American Airlines Says They Love Unionization, But Unions Don’t Love Them

When unions at American Airlines threw in with management at US Airways in their takeover attempt during American’s bankruptcy that seemed naive. US Airways workers stood to gain a great deal as salaries would be bought up to higher American levels. However the idea that new management would be beloved by unions seemed at odds with their history. At US Airways there was never even a combined pilot contract achieved following the 2005 merger with America West.

American Airlines has said they want to take care of employees so employees take care of customers, although many employees are clearly unhappy with the company.

The airline has made clear that flight attendants aren’t responsible for doing more work as they roll out new products. Although that’s not how flight attendants see it especially with premium economy where staffing models treat those passengers like regular economy.

The carrier has cracked down on flight attendants renting out their seniority. They’ve imposed a new discipline regime. Flight attendants have significant concerns with the airline’s profit sharing.

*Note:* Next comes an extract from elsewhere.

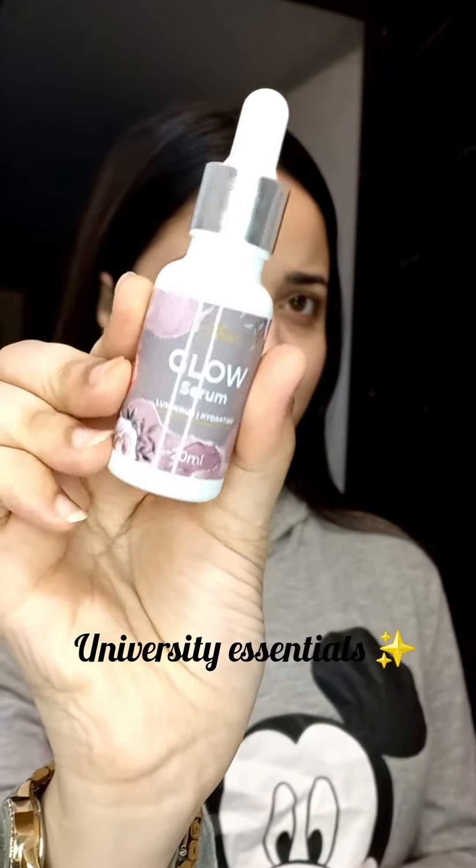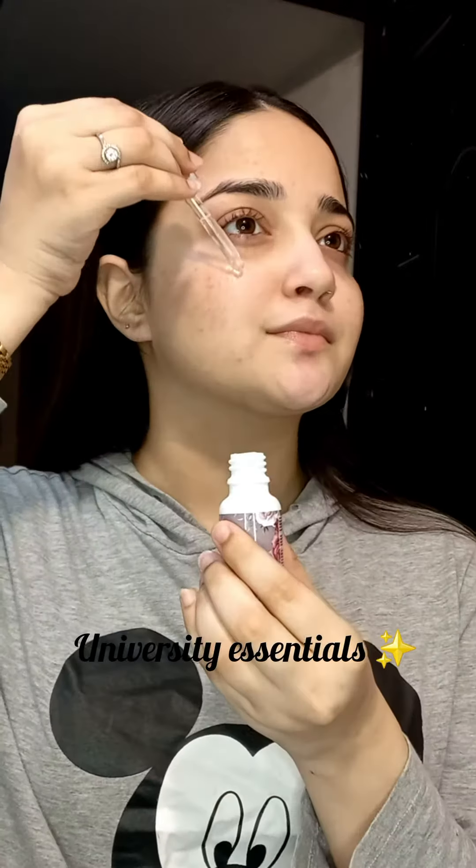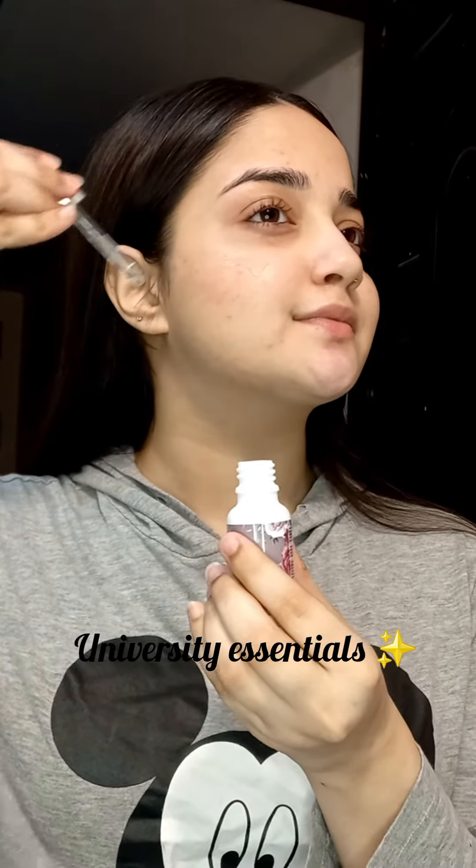Hello everybody, Assalamu alaikum. Amor Beauty has sent in some of their products. First of all, we have a Glow Serum which smells like heaven — it smells so good. It will make your skin super glowing.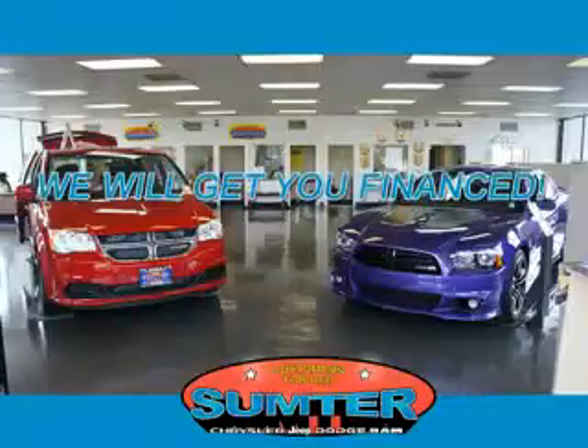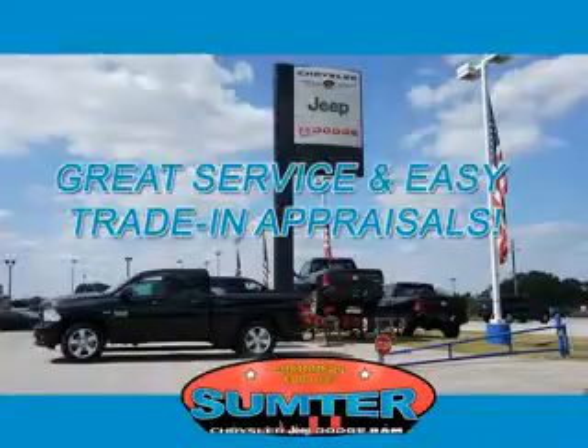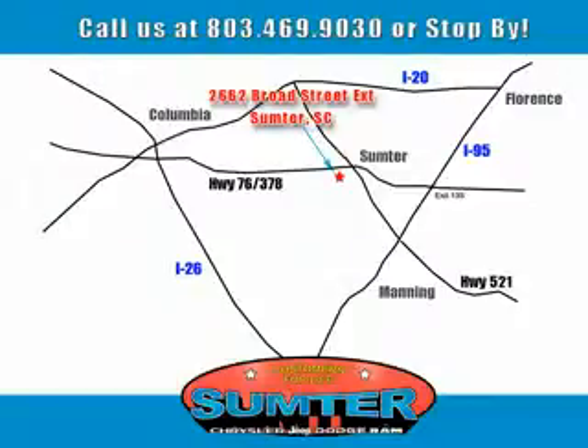Sumpter Chrysler Dodge Jeep Ram — we are just a call away. Ask about current financing incentives, trade-in quotes, or to schedule a red carpet test drive. Our dealership is easy to find off Broad Street in Sumpter, and our professional sales staff can help you get in a great car for less than you think. Let us do the work for you — just give us a call at 803-469-9030.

There’s almost a schizophrenic approach, not wanting to do anything to rankle the front line while still wanting to change their business practices. And it hasn’t succeeded in achieving the sort of happy work force that takes care of customers they’ve talked about. If anything American’s management suffers from Munich syndrone, failing to learn the lessons of 1938 that appeasement increases aggression.

This week American’s flight attendants picketed corporate headquarters.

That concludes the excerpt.